El despiadado ataque de Hamas en la madrugada del sábado 7 de octubre fue una sorpresa. El muy prestigioso servicio de inteligencia de Israel no fue capaz de prever una ofensiva por tierra, mar y aire que segó en pocas horas la vida de cientos de personas: los asistentes a un festival musical y decenas de personas -hombres, mujeres, niños- en sus hogares.
El general retirado Yaakov Amidror, exconsejero de Seguridad Nacional israelí, sostuvo que fue “un enorme fracaso del sistema de inteligencia y del aparato militar”.
Hubo quienes anticiparon lo ocurrido. No en la forma en que ocurrió sino como la inevitable conclusión de una larga política de hostigamiento. “Un error fatal”, escribió el historiador israelí Jacob Talmon al primer ministro Begin, al referirse a la política de ocupación y a los asentamientos en Cisjordania y en Gaza.
Premonitoriamente, tituló su misiva “La patria en peligro”.
Eso fue hace más de 40 años. Menos de 40 años antes, cuando nació Israel, el espíritu de los fundadores era muy distinto. Afirmaba el acta de la independencia: “Exhortamos… a los habitantes árabes del Estado de Israel a mantener la paz y participar en la construcción del Estado sobre la base de plenos derechos civiles y de una representación adecuada en todas sus instituciones provisionales y permanentes”. Parecido gesto se hizo entonces a los países árabes.
Pese a tales propósitos, el rechazo árabe al nuevo Estado generó a lo largo de los tres cuartos de siglo siguientes, un ambiente de permanente beligerancia y un cambio de fondo en la actitud de buena parte de la sociedad israelí.
La de 2023 es una guerra poco común… si es que hay conflictos armados que sean comunes.
Pese a sus raíces bíblicas, Israel es un estado moderno. Su actual adversario es un movimiento calificado como terrorista por Estados Unidos y sus aliados, cuya base de operaciones es Gaza, ciudad con una historia que se remonta al siglo XV antes de Cristo.
La fundación del Estado de Israel fue el resultado esperado de la decisión de la ONU del 29 de noviembre de 1947 de dividir el territorio de Palestina en dos Estados: uno judío y otro árabe.
El movimiento sionista con David Ben Gurión a la cabeza, pragmático, aceptó la resolución. Pero los árabes (palestinos y no palestinos) bajo un liderazgo más cerrado ideológicamente, no aceptaron la resolución que les daba también a ellos un estado. Era todo o nada.
Desde entonces han estallado cuatro guerras “formales” e innumerables incidentes sangrientos.

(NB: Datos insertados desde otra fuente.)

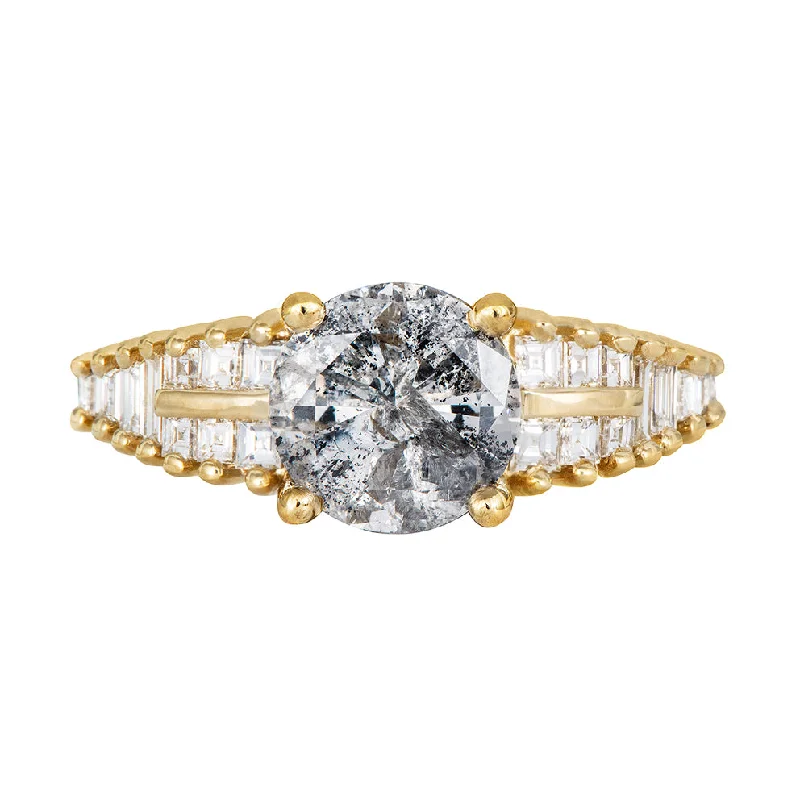 Pear - Shaped Engagement Rings in Yellow Gold with a Diamond - Encrusted BandOne Carat Diamond Ring with a Snowy Diamond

Algunos gobiernos han moderado sus acciones, pero no así los grupos extremistas.
Esta polarización hace que nadie se atreva ahora a pronosticar el resultado final ni la duración de los enfrentamientos.
Paradojalmente, representantes del extremismo israelí -más allá de convocatoria a la unidad nacional- han reaccionado en términos que recuerdan las peores expresiones antisemitas.
Se han emitido amenazas de exterminio contra los terroristas de Hamas con medidas extremas: “No se activará ni un solo interruptor eléctrico, ni un solo grifo se abrirá, y no entrará ni un solo camión de combustible hasta que los rehenes israelíes regresen a casa”, proclamó el ministro de Energía, Israel Katz, en las redes sociales. Otras voces hablan de un “desastre humanitario”.
Ni el tiempo ni las heridas han corregido el “error” que denunció Talmon en 1980.